Will the memory address 0xff5ff098
be zero extended or will it be extended by most significant bit ?
In Intel Pin
tool the api IARG_MEMORYREAD_EA
is giving it as extended by 1 i.e. it is giving the following address 0xffffffffff5ff098
. Is this address a possible address ?
I am working on a 64 bit machine.
How is it encoded? RIP-relative or absolute?
If absolute, it's using the sign-extended-disp32 addressing mode (because 32-bit displacements in addressing modes are always sign extended, even when there are no registers involved).
If it's RIP-relative, then your disassembler should be showing you the correct final address, calculated from RIP + rel32.
Either your disassembler or PIN are showing it incorrectly, since if it's really sign-extended to 64-bit, your disassembler should be showing you that.
And yes, both RIP-relative and absolute addressing are possible in x86-64.
x86-32 had two redundant ways to encode [disp32]
addressing modes with no registers. x86-64 repurposes the shorter one as RIP-relative, and leaves the longer one as [sign-extended-disp32]
absolute addressing.
I'll use NASM syntax for an example. You can use default rel
to use RIP-relative by default, and you can override on a case-by-case basis like this:
MOV RAX, [abs FS:_start] ; _start just as something that assembles
MOV RAX, [rel FS:_start] ; RIP-rel for thread-local is usually not useful!

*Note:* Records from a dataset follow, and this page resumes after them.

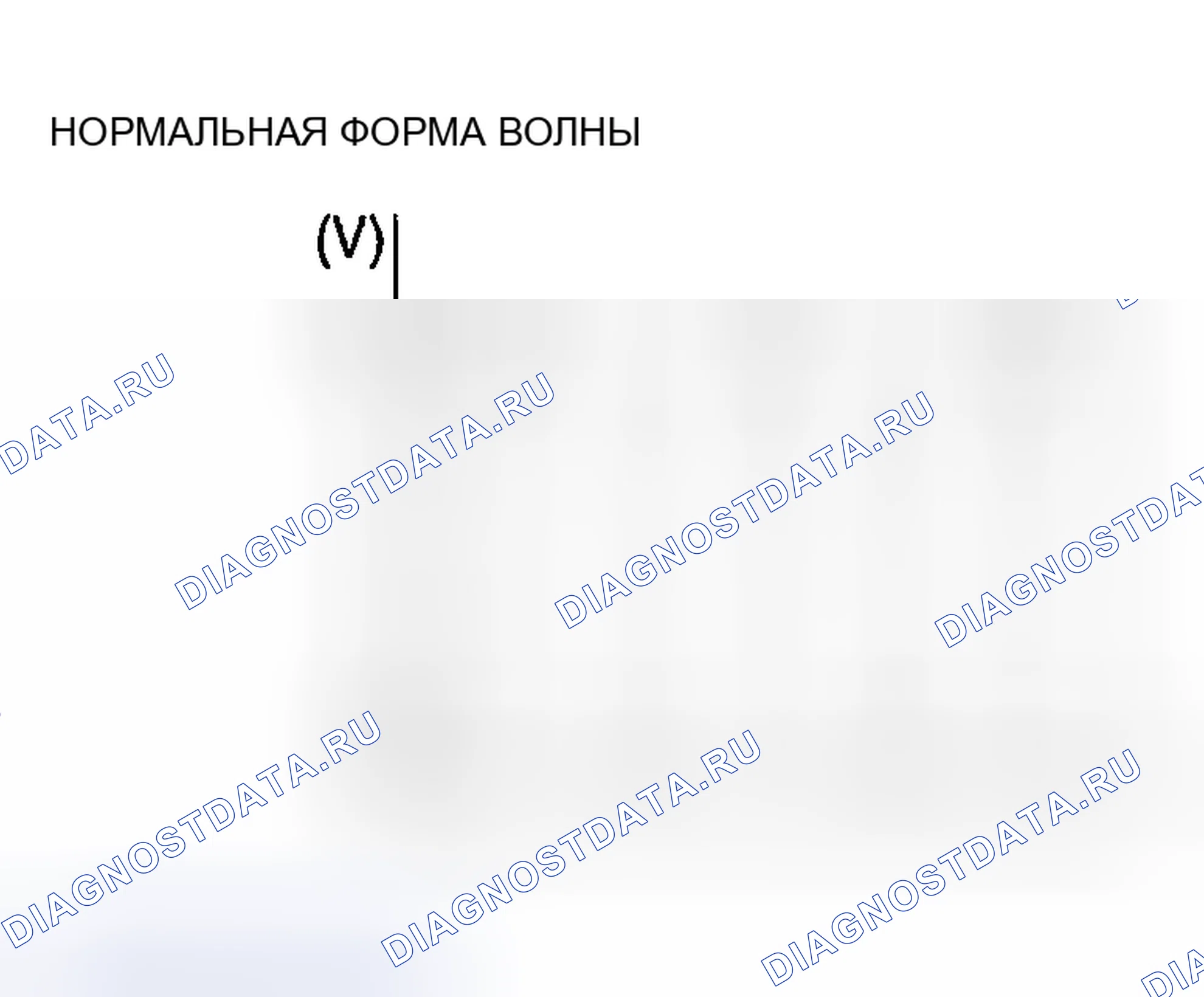 Рис. 1608. Mazda MX-5 NA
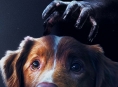 You'll be able to watch Good Boy on Disney+ by the end of April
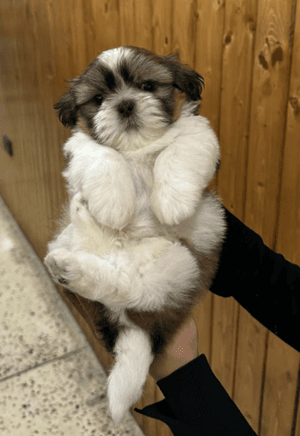 Adorable Shih Tzu puppy for sale 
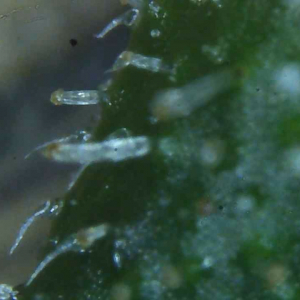 WIN_20190813_23_34_28_Pro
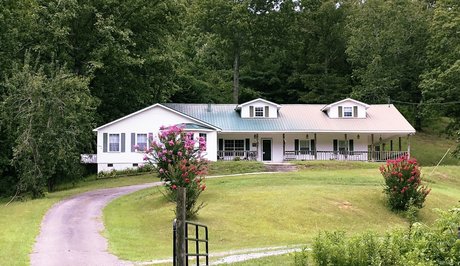 albuquerquepeachy meilleur modèle collection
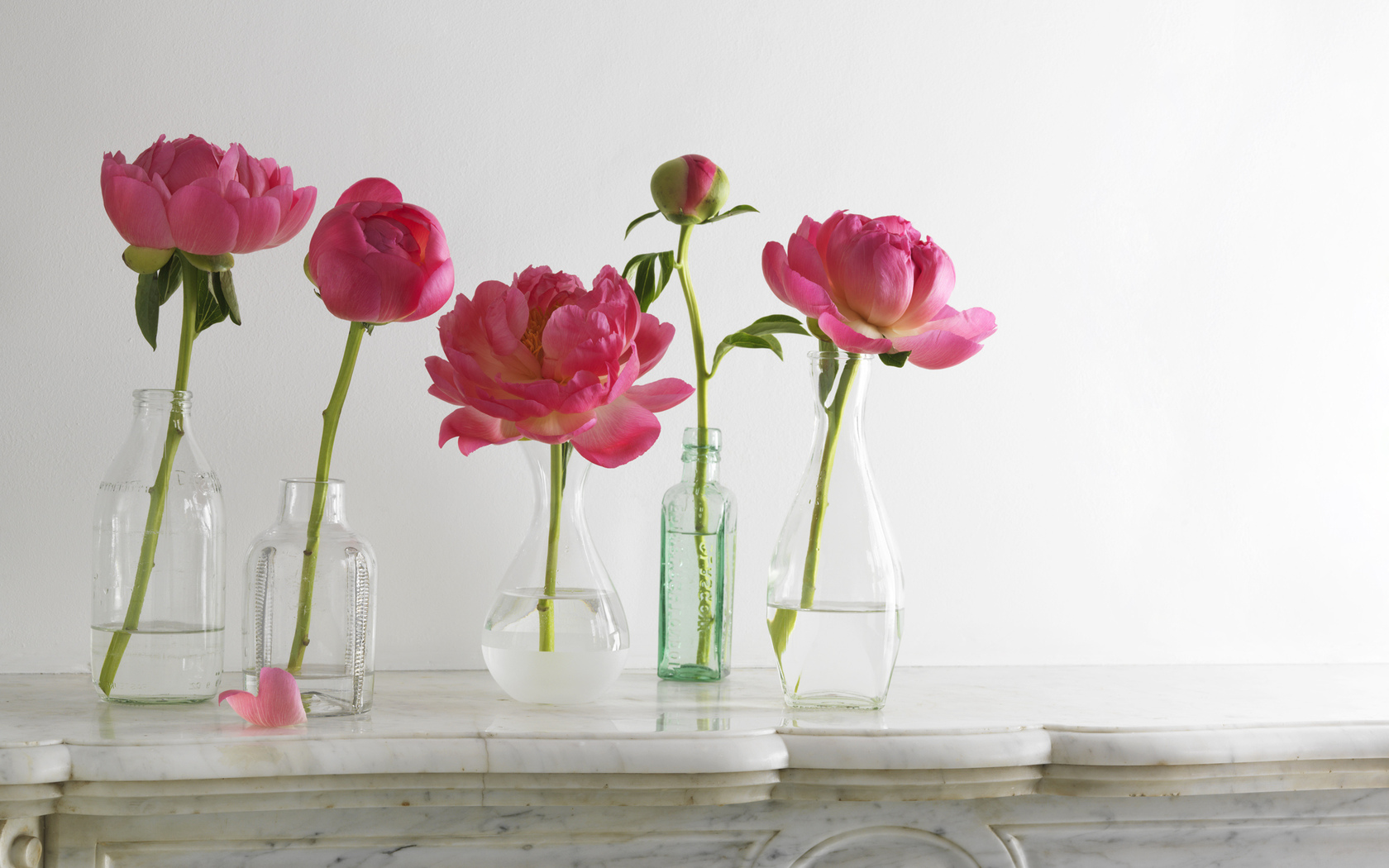 композиция, бутылки, пионы, вазы, бутон, розовые Цветы картинки, обои рабочий стол
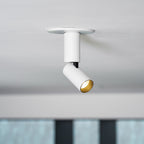 Julian Adjustable Surface Downlight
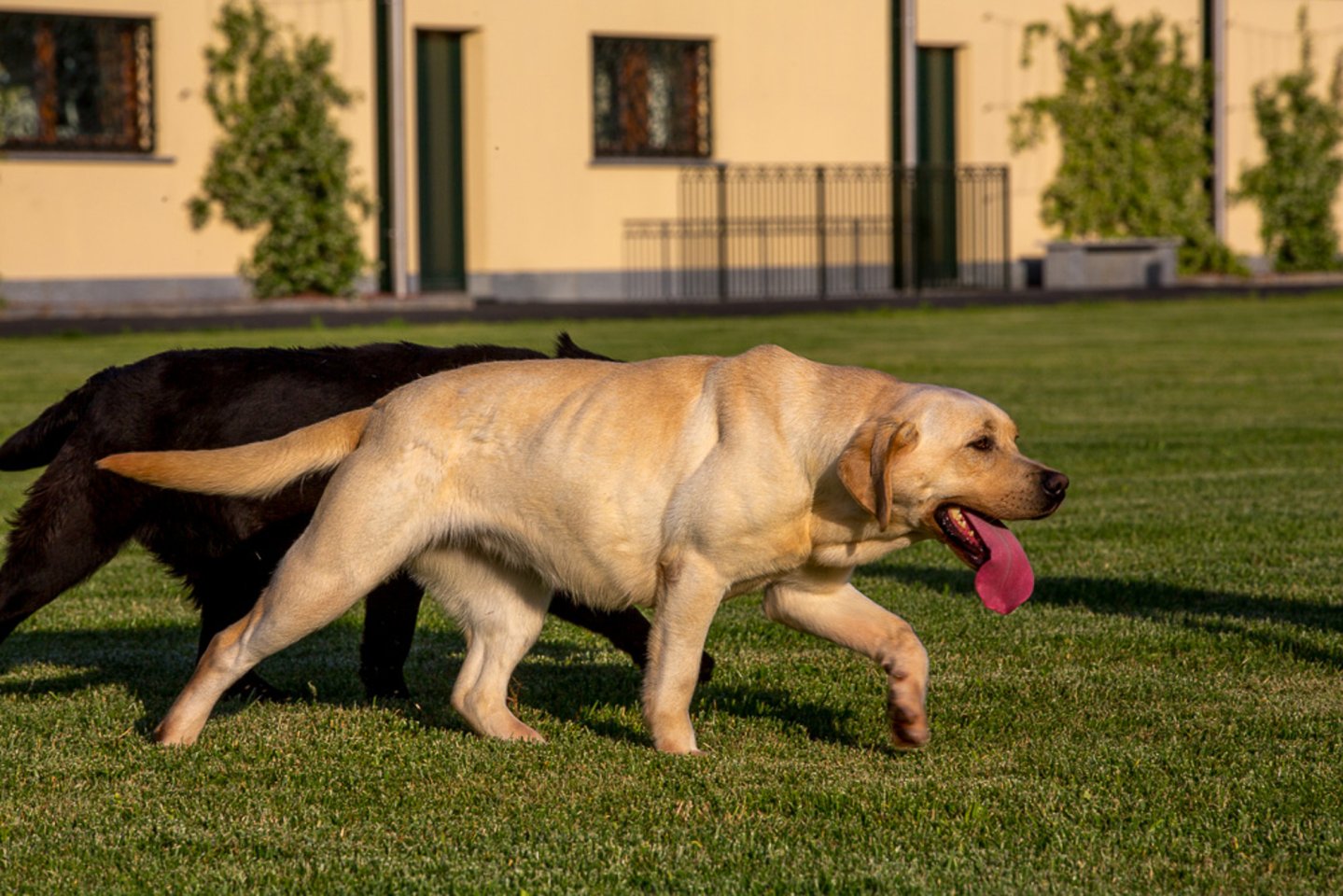 Centro Cinofilo Villa Sant'Uberto due labrador nel prato del Centro Cinofilio Villa Sant'Uberto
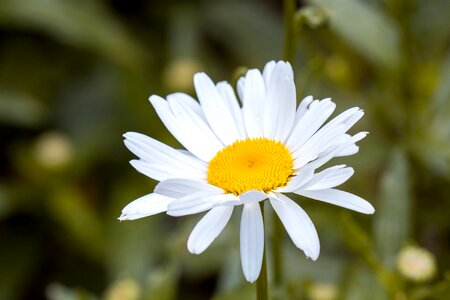 Flower white flower blossom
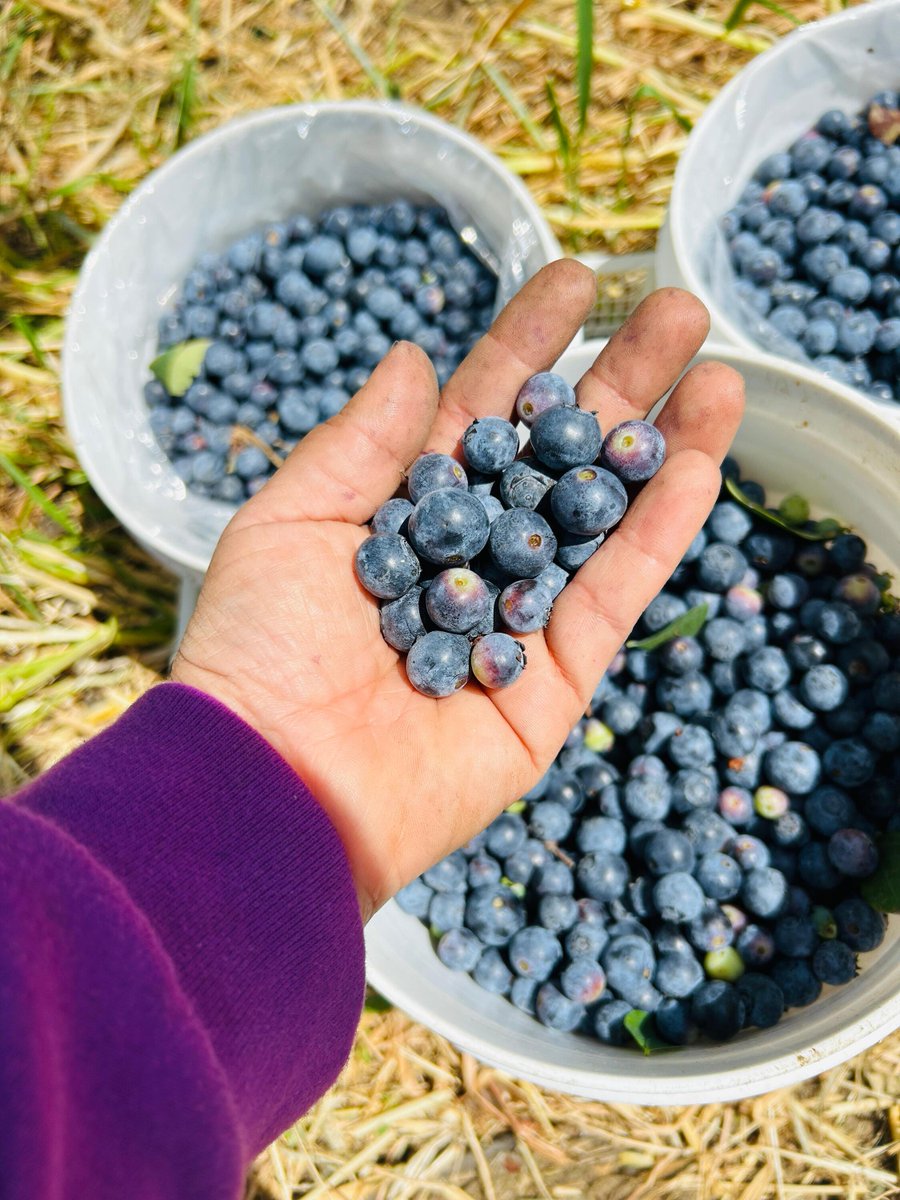 United Farm Workers tweet media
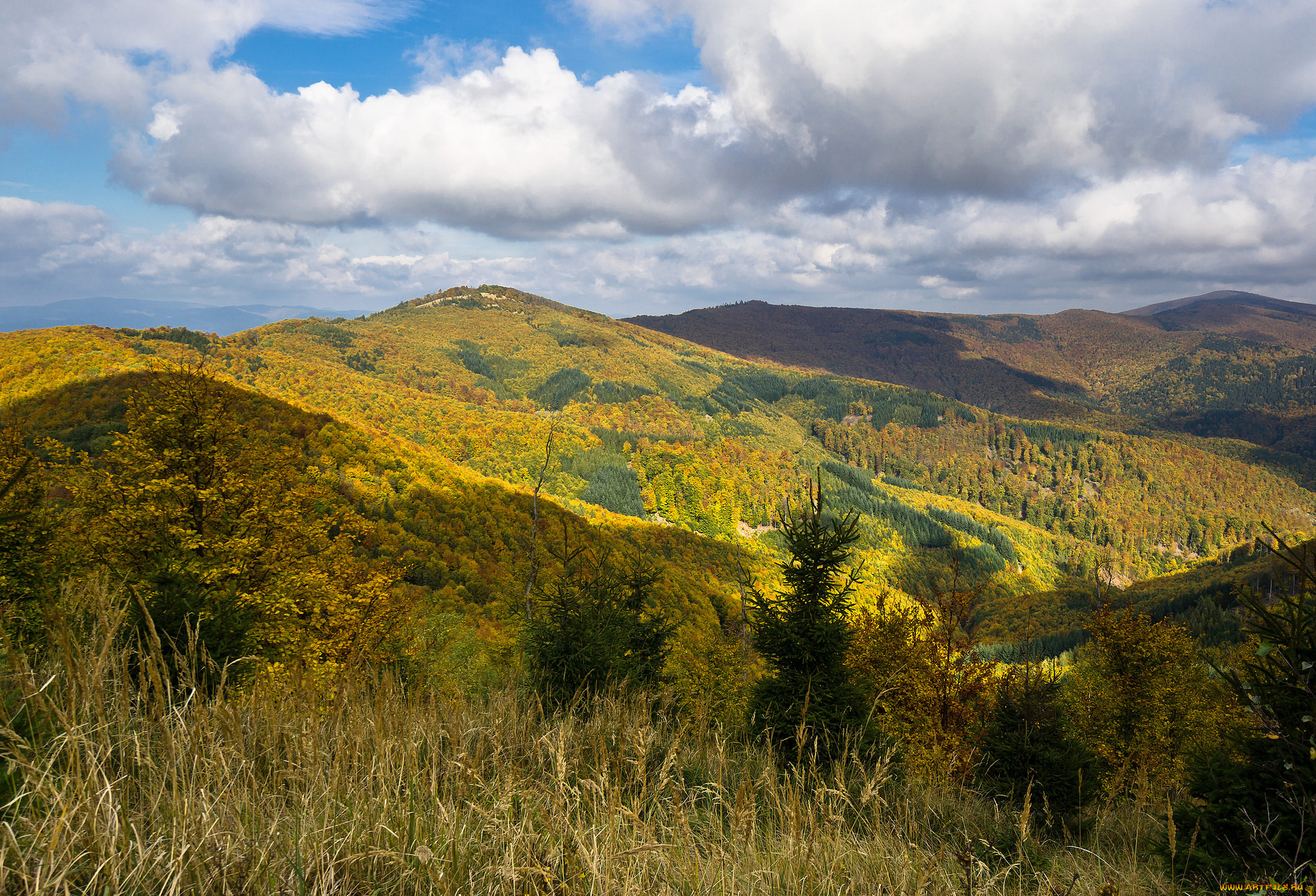 природа, пейзажи, простор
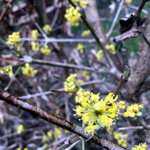 IMG_7490.JPG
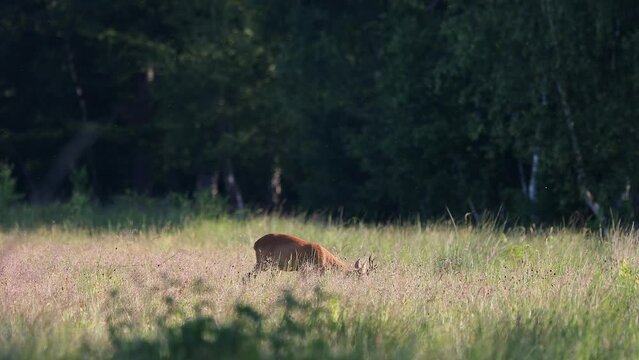 Male european roe deer - capreolus capreolus - grazing on the forest ground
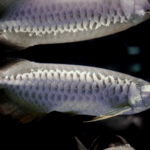 コリドラスが酸欠 症状は 熱帯魚 淡水魚 海水魚の図鑑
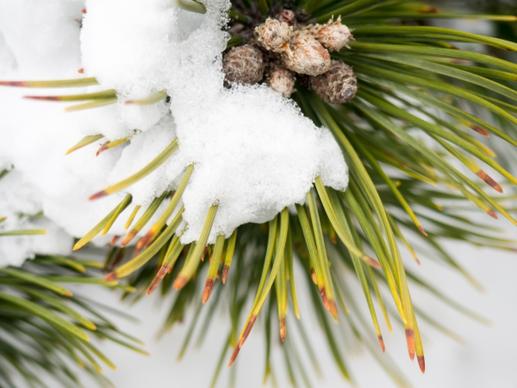 pine leaves covered in snow 2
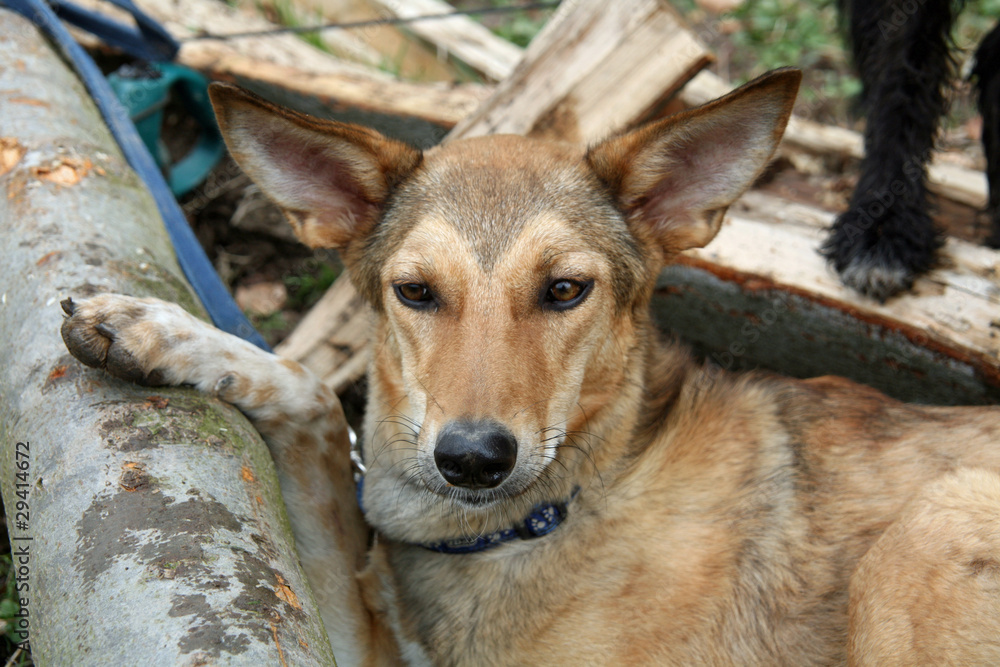 Fototapeta premium Podenco Mischling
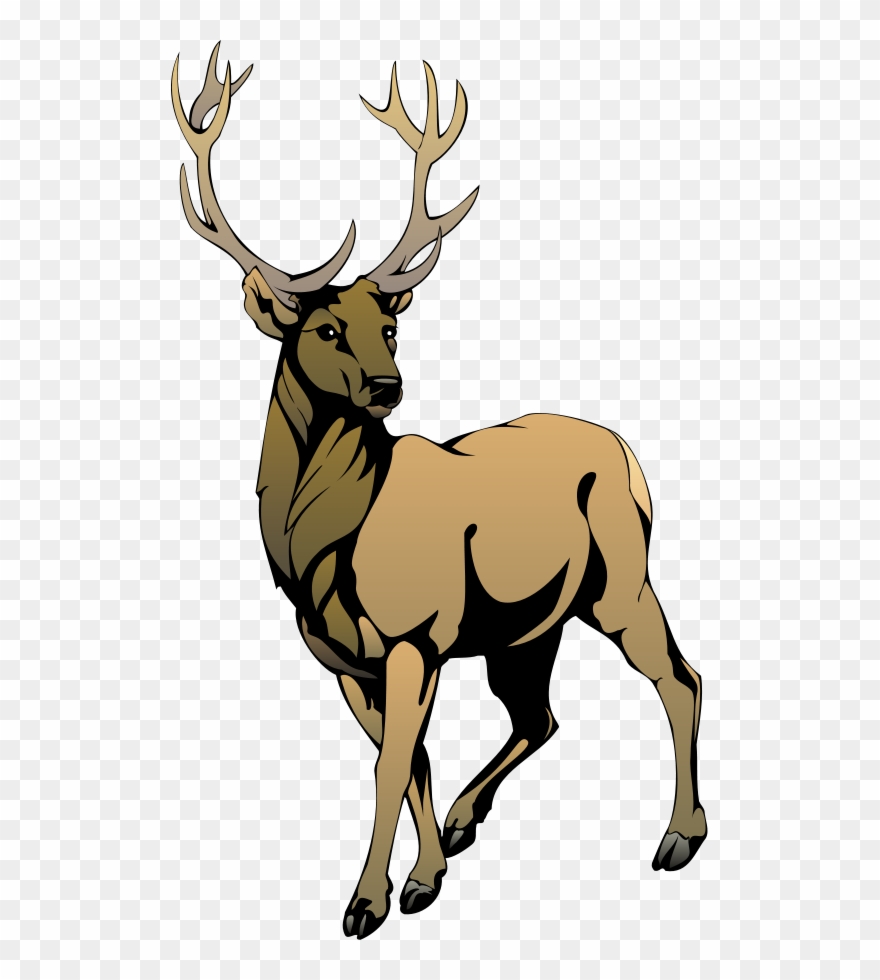 Stag Clipart Clip Art - Stag Images Clip Art - Png Download
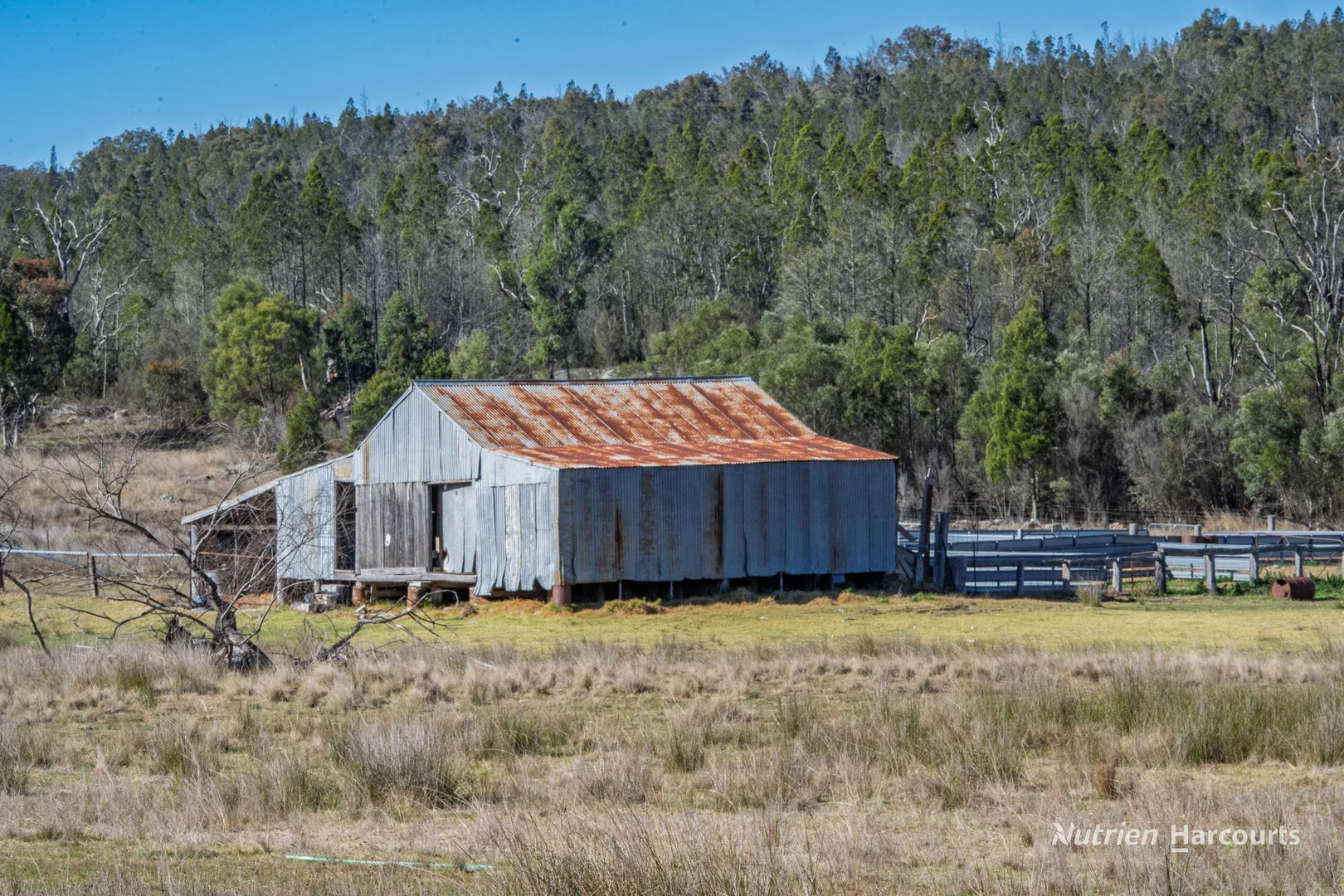 Additional image 10 of 206 - 208 Rocky Glen Road, Kingstown NSW 2358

64 48 8b 04 25 b5 00 40 00 mov rax,QWORD PTR fs:0x4000b5
64 48 8b 05 e7 fe ff ff mov rax,QWORD PTR fs:[rip+0xfffffffffffffee7] # 4000b5 <_start>
Is this address a possible address ?
Yes, addresses in the upper half of the canonical range are used. e.g. less /proc/self/maps
shows that Linux maps the vsyscall
page it exports into high address space:
ffffffffff600000-ffffffffff601000 r-xp 00000000 00:00 0 [vsyscall]
Canonical address means that bits [63:48]
are copies of bit 47. i.e. the address is what you would get from sign-extending the low 48 bits. Non-canonical addresses will always fault on current hardware, so if you want to implement something like tagged pointers with those redundant bits, you still have to redo the sign-extension before dereferencing.
Note that qword ptr
tells you the operand-size, not anything about how the addressing mode is encoded.